As we approach spring, shopping aisles are lined with dozens of different fertilizers all promising healthier, larger, and faster-growing plants.
Unfortunately, these results are oftentimes unattainable or at least unsustainable. Plants require a variety of nutrients in harmonious balance to remain healthy. An excess of any one nutrient can be just as harmful as a deficiency in another nutrient. Also, some nutrients are less available if the soil’s pH value (which measures acidity/alkalinity) is too high or low.
With that in mind, treating soil with a fertilizer without first knowing the soil’s current nutrient levels, pH, etc. can be a waste of money, or worse, harmful to your plants.
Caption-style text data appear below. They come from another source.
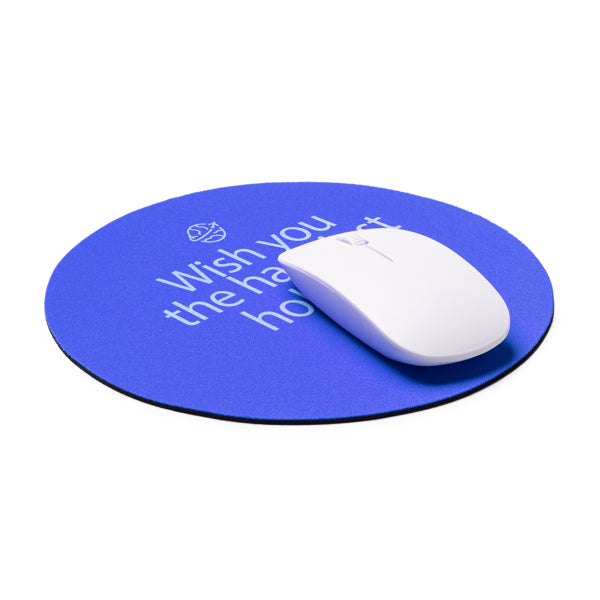 Stamina Yuba polyester mouse pad, ready for logo printing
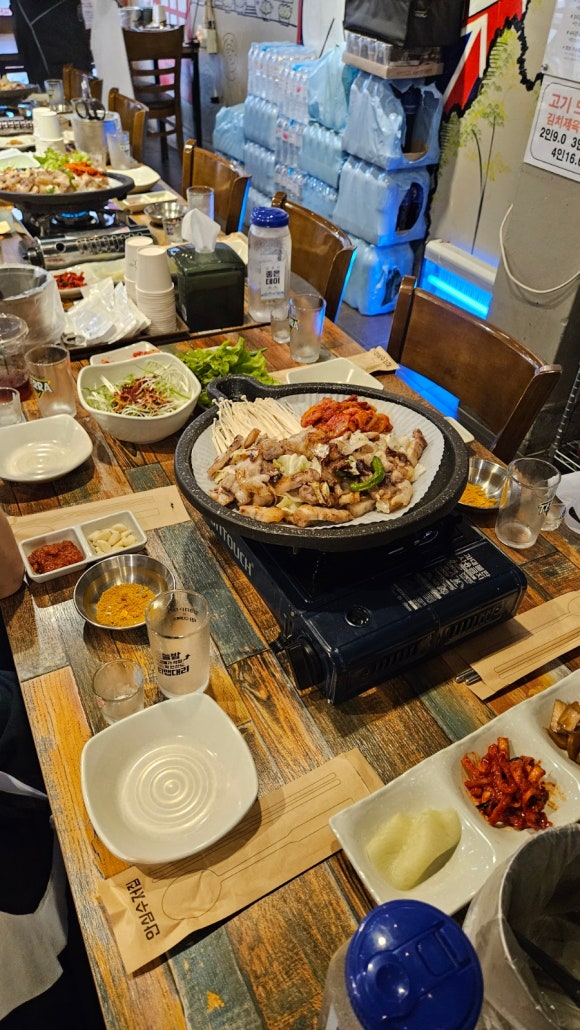 고밥고기밥상 이미지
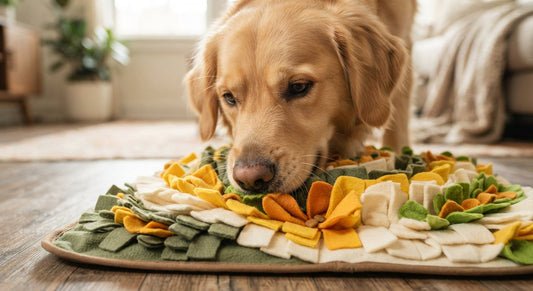 Foraging bei Hunden fördern mit natürlichen Suchstrategien - PAWSOMETIME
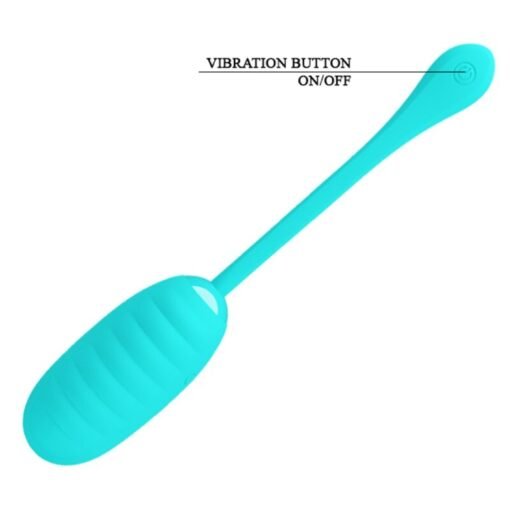 PRETTY LOVE - KIRK LIGHT GREEN UOVO VIBRANTE RICARICABILE - immagine 9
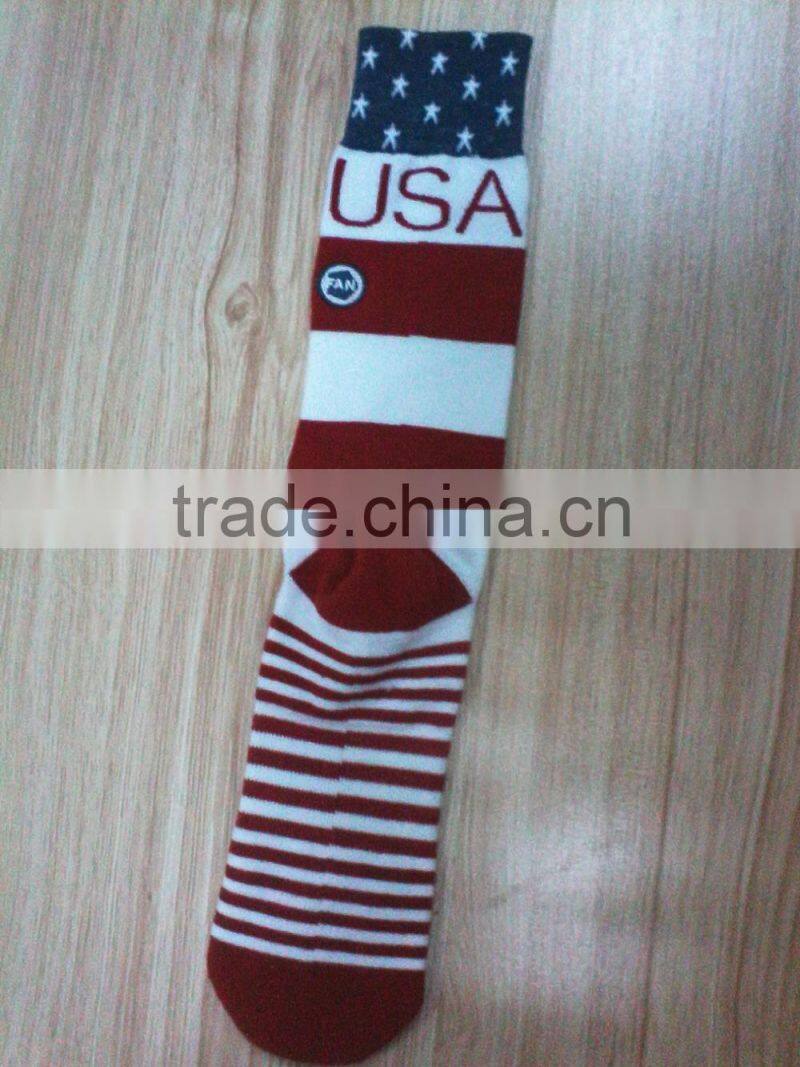 100 Cotton High Quality Soft In-stocking Women/Mens Socks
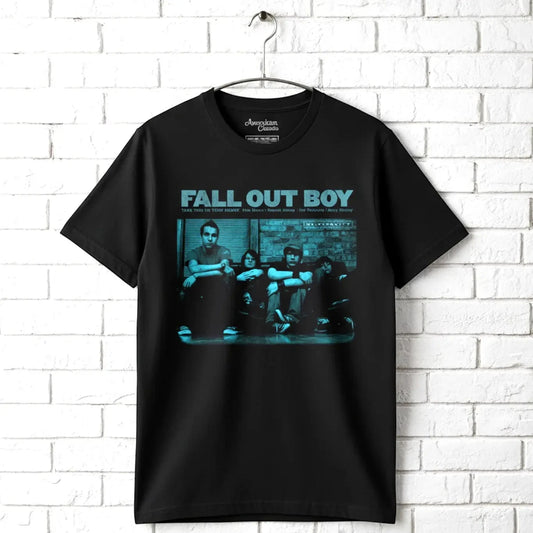 Fall Out Boy Take this to Your Grave Men's T Shirt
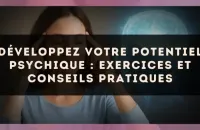 🔮 Développez votre potentiel psychique : exercices et conseils pratiques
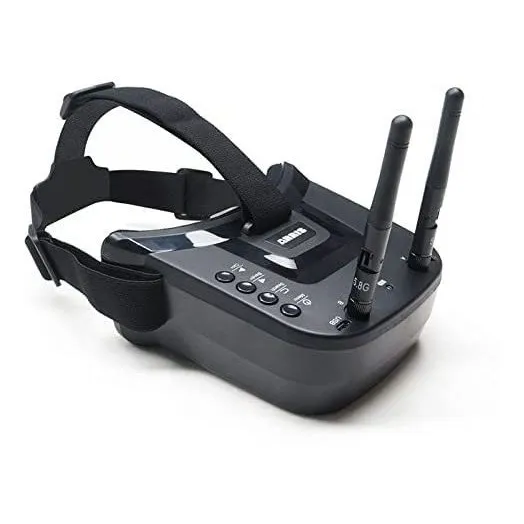 Gafas Fpv De 5,8 Ghz, Auriculares Arris Vr-009, 5,8 G, 40 Ca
That’s certainly not to say that fertilizers are never the answer, but they’re best used in a targeted fashion once a soil test has demonstrated specific deficiencies.
Thankfully, soil testing home kits are available to provide some information and samples can be submitted to a lab for even more comprehensive information. However, it’s important to keep in mind that low nutrients do not always require intervention. One should be looking to identify deficiencies within their plant population, rather than just seeking to raise low numbers on a soil test. Many soil tests and fertilizers are targeted toward agricultural applications, which emphasize short terms and high yields. A landscape should be more focused on long-term sustainability. Visit the following link for full procedures on how to collect and submit a soil test to Michigan State University through the local Extension Office: https://homesoiltest.msu.edu/get-started
MULCH OR LEAF LITTER AS AN ALTERNATIVE:
Mulching - either with wood chips or leaf litter - can be an alternative to fertilizer and servers as a more gradual and natural way to direct nutrients to plants. It’s a way to simulate the nutrient input of the natural decomposition one would find on a forest floor, while still maintaining a tidy landscaped appearance. Mulch will gradually break down, thus bolstering the nutrients in the soil and improving the soil texture. Much of Novi is covered in heavy clay, which is often tightly compacted in urban spaces. Decomposing mulch and other yard debris making its way into the soil helps reduce that compaction, improves water infiltration, and supports the microorganisms working their magic near the soil’s surface. Mulch also helps retain moisture near the roots, regulates temperature extremes in the soil, prevents weeds from taking root, and protects plants from lawn maintenance equipment.